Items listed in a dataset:

****

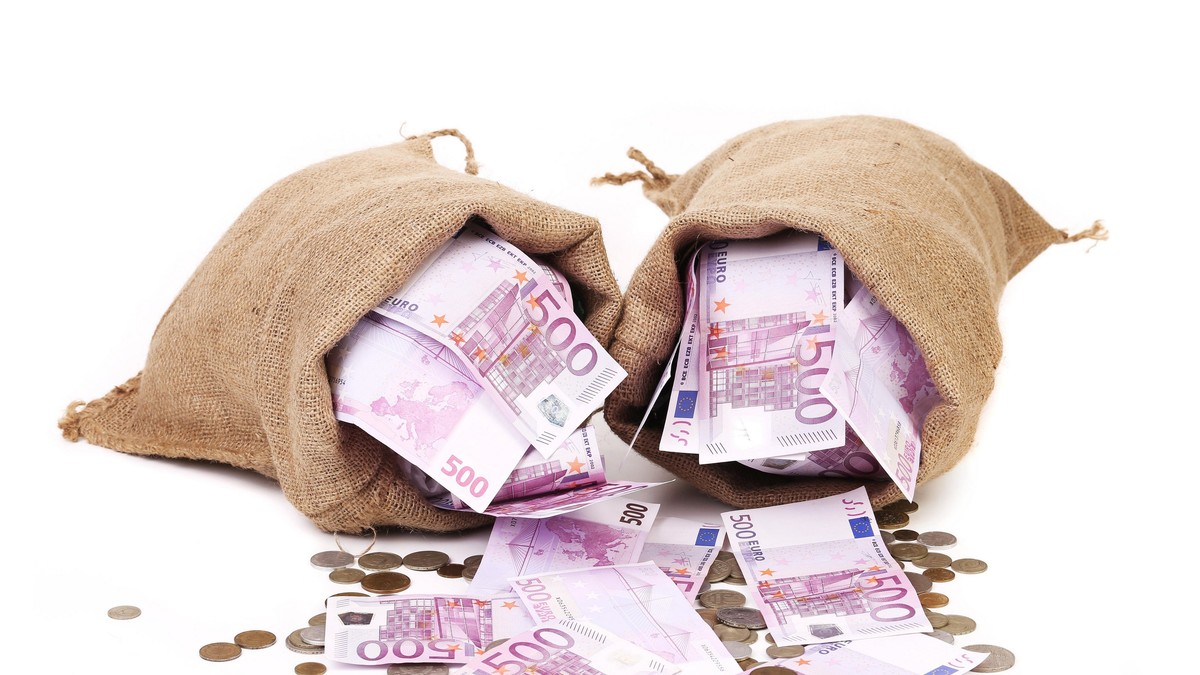 Averea uriașă a directorilor din Craiova prinși cu sute de mii de euro cash în case în timpul perchezițiilor Sursă: Profimedia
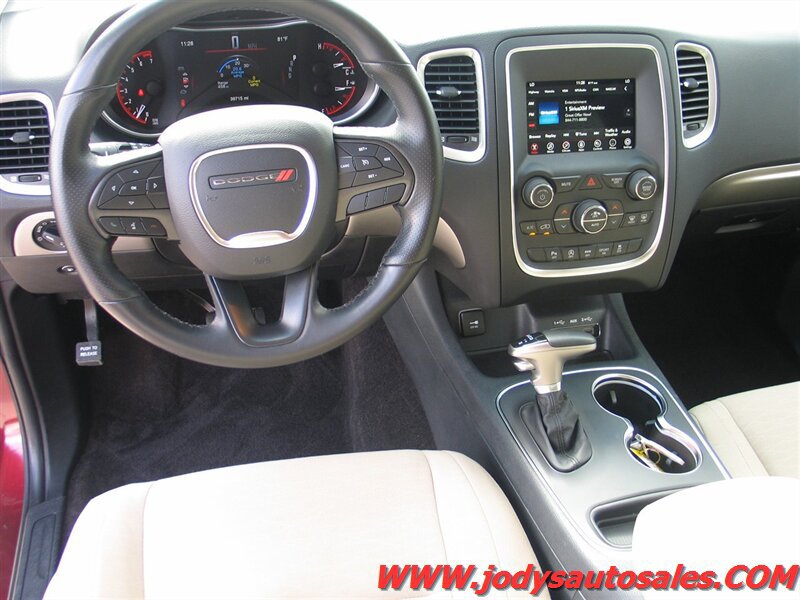 Used 2019 Dodge Durango SXT AWD/4WD image 6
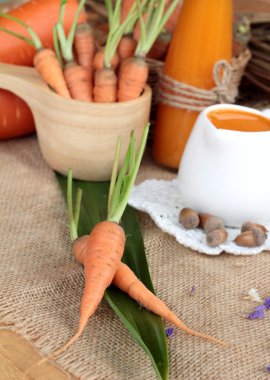 Taze havuç ve havuç suyu lezzetli.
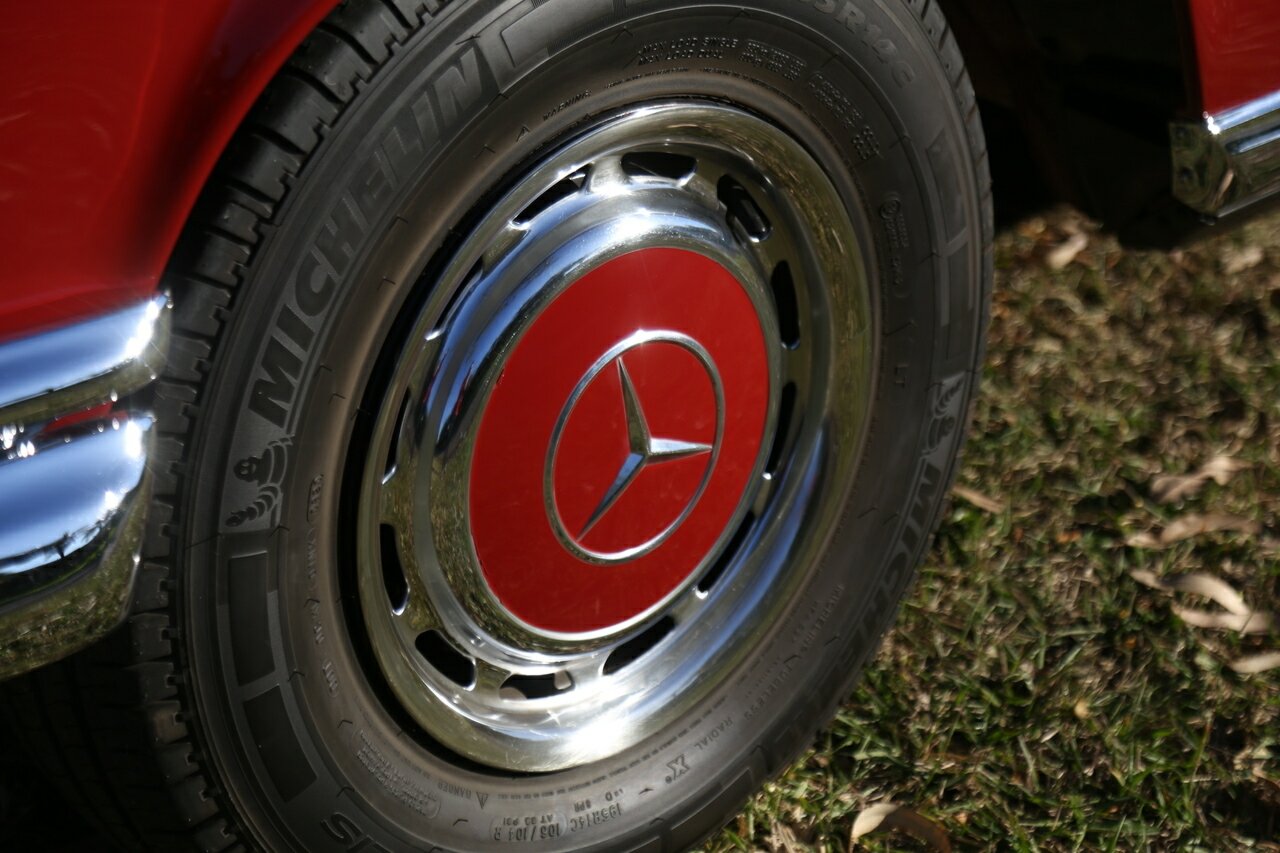 1968 MERCEDES-BENZ 280 SE 3 SP AUTOMATIC 2D COUPE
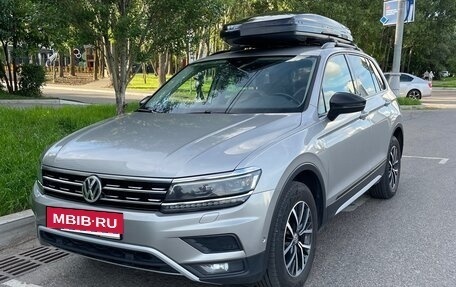 Volkswagen Tiguan II, 2019 год, 2 450 000 рублей, 2 фотография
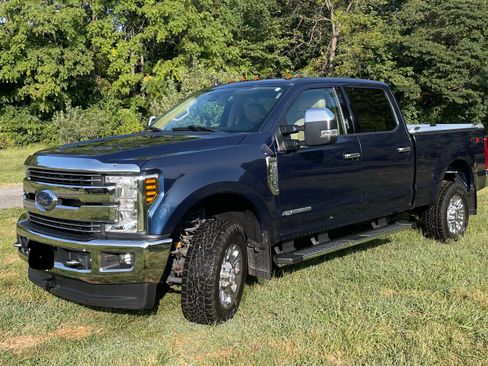 Used 2019 Ford F250 Lariat w/ Tow Technology Bundle AWD/4WD image 15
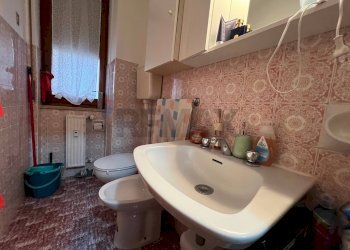 Bagno - Quadrilocale Via Arenazze
 
6, Chieti - foto 11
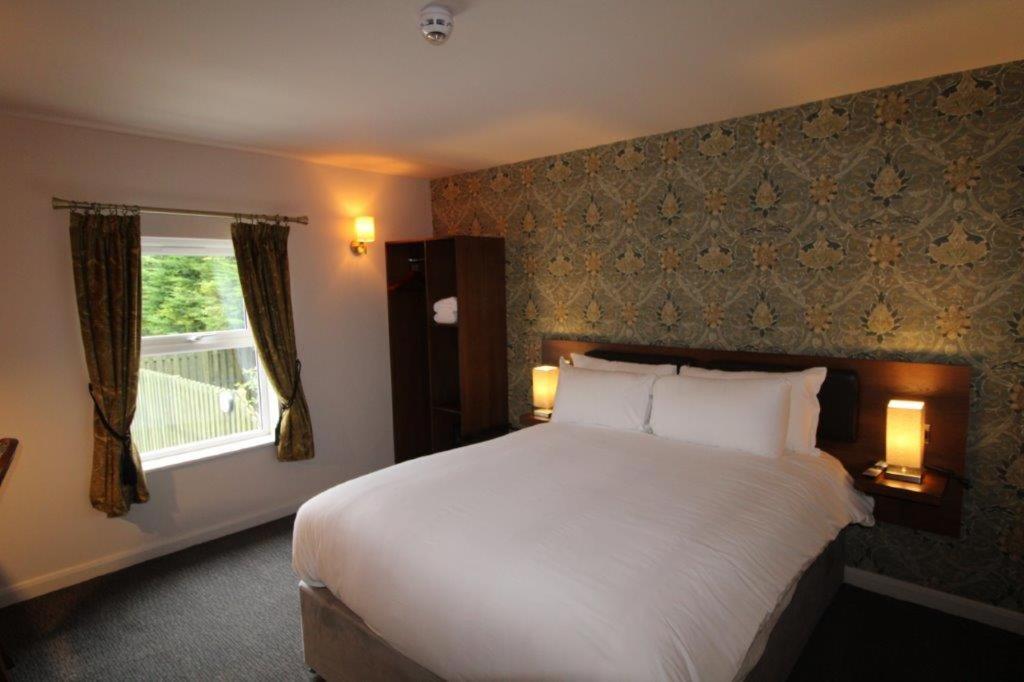 Rooms @ The Dolau Inn نيو كي المظهر الخارجي الصورة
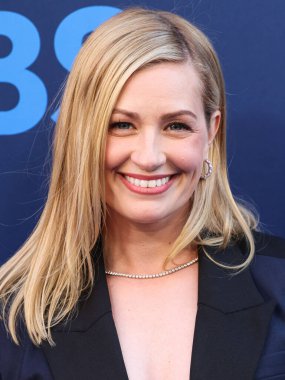 The Neighborhood 'dan Beth Behrs, CBSFEST 2025-2026: Paramount Stüdyoları' nda 7 Mayıs 2025 'te, ABD' nin Los Angeles, Kaliforniya 'da düzenlenen duyuru programına ulaştı..     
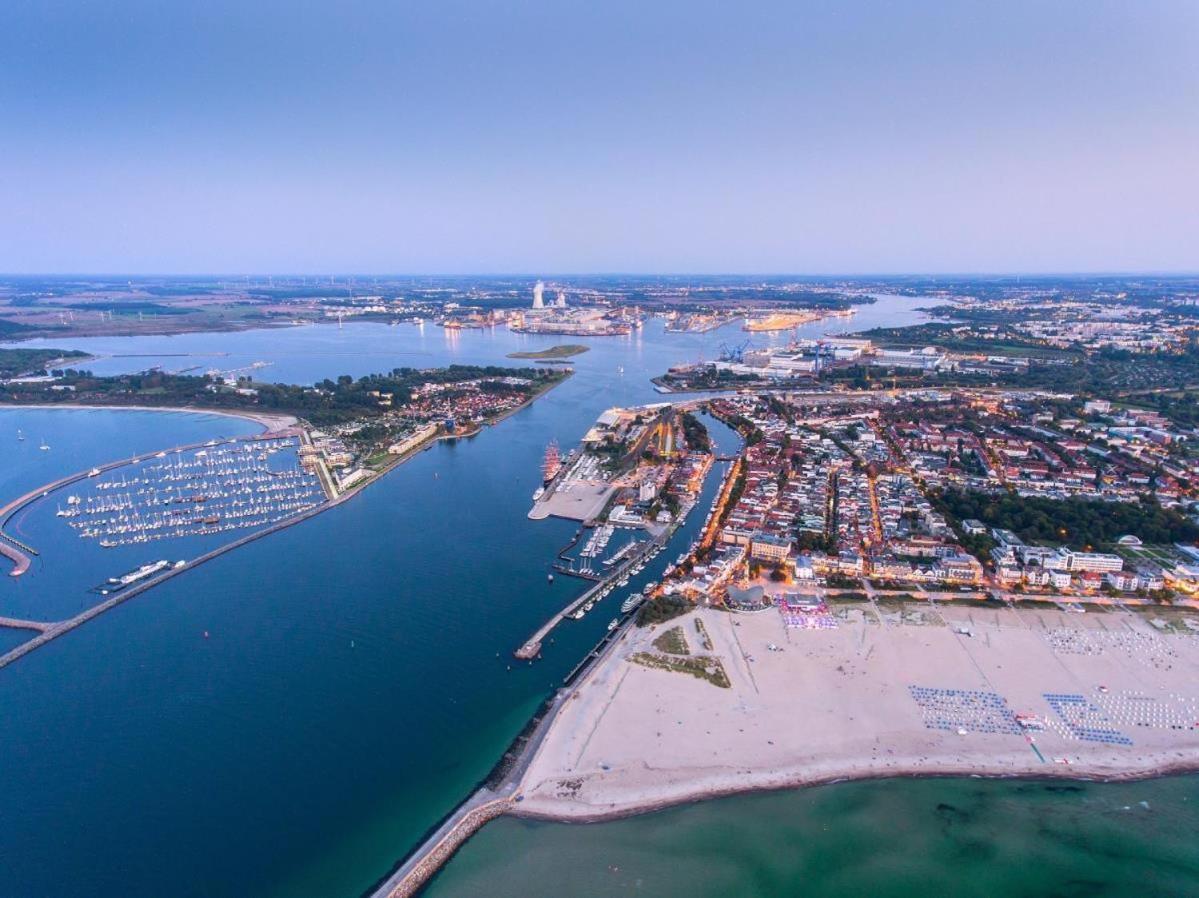 Doppelzimmer Dinner, Direkt Am Alten Strom Rostock Eksteriør billede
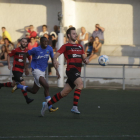 Un jugador de l’EFAC intenta controlar una pilota perseguit per un altre del Lleida B. 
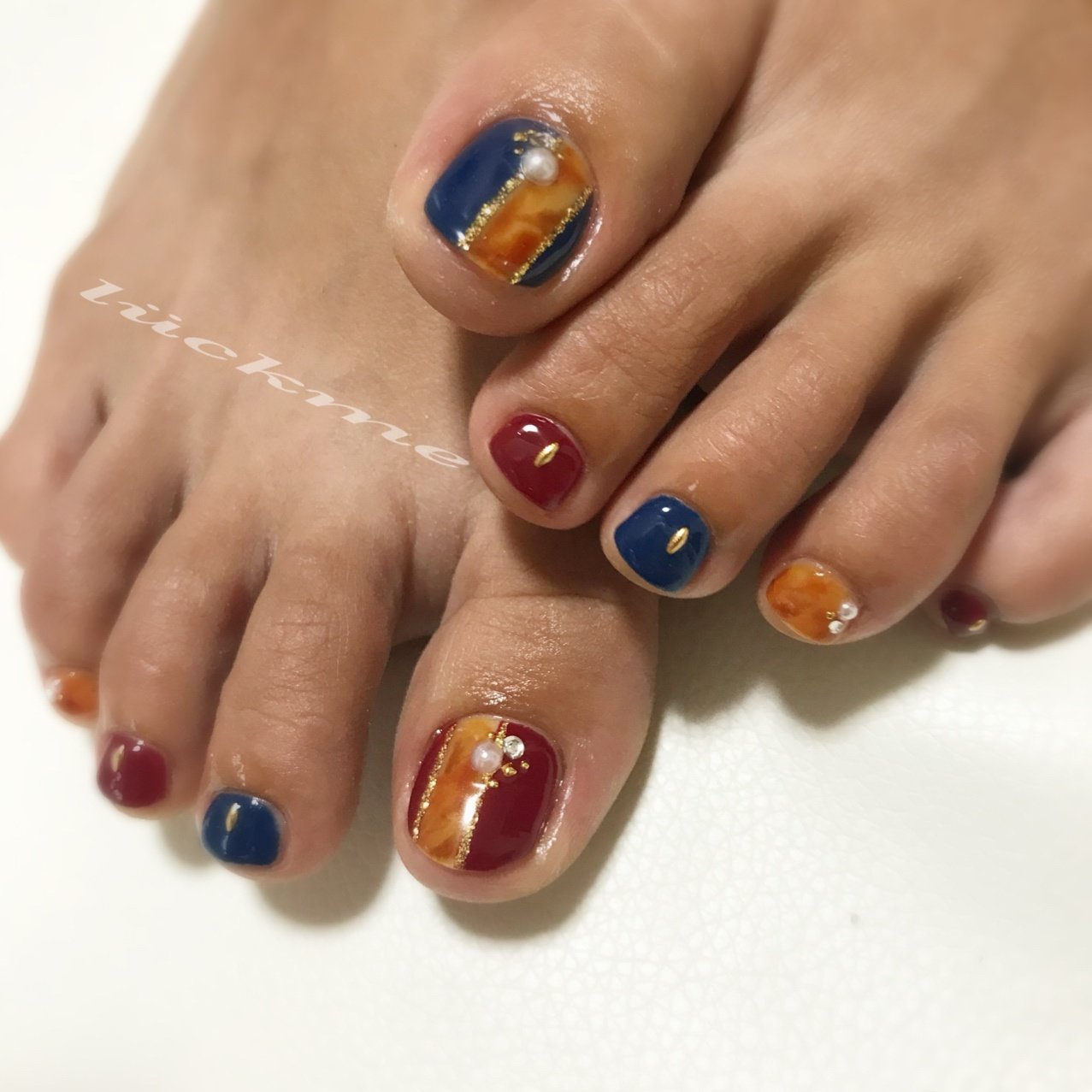 フット べっ甲 ネイビー ボルドー ゴールド Nail Luckmeのネイルデザイン No ネイルブック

****

→ **Task prompt**
Write out the lines beginning at the line with "The Neighborhood 'dan" and ending at the last line of the entries. Include no pictures.

→ **Answer below**
 The Neighborhood 'dan Beth Behrs, CBSFEST 2025-2026: Paramount Stüdyoları' nda 7 Mayıs 2025 'te, ABD' nin Los Angeles, Kaliforniya 'da düzenlenen duyuru programına ulaştı..     
 Doppelzimmer Dinner, Direkt Am Alten Strom Rostock Eksteriør billede
 Un jugador de l’EFAC intenta controlar una pilota perseguit per un altre del Lleida B. 
 フット べっ甲 ネイビー ボルドー ゴールド Nail Luckmeのネイルデザイン No ネイルブック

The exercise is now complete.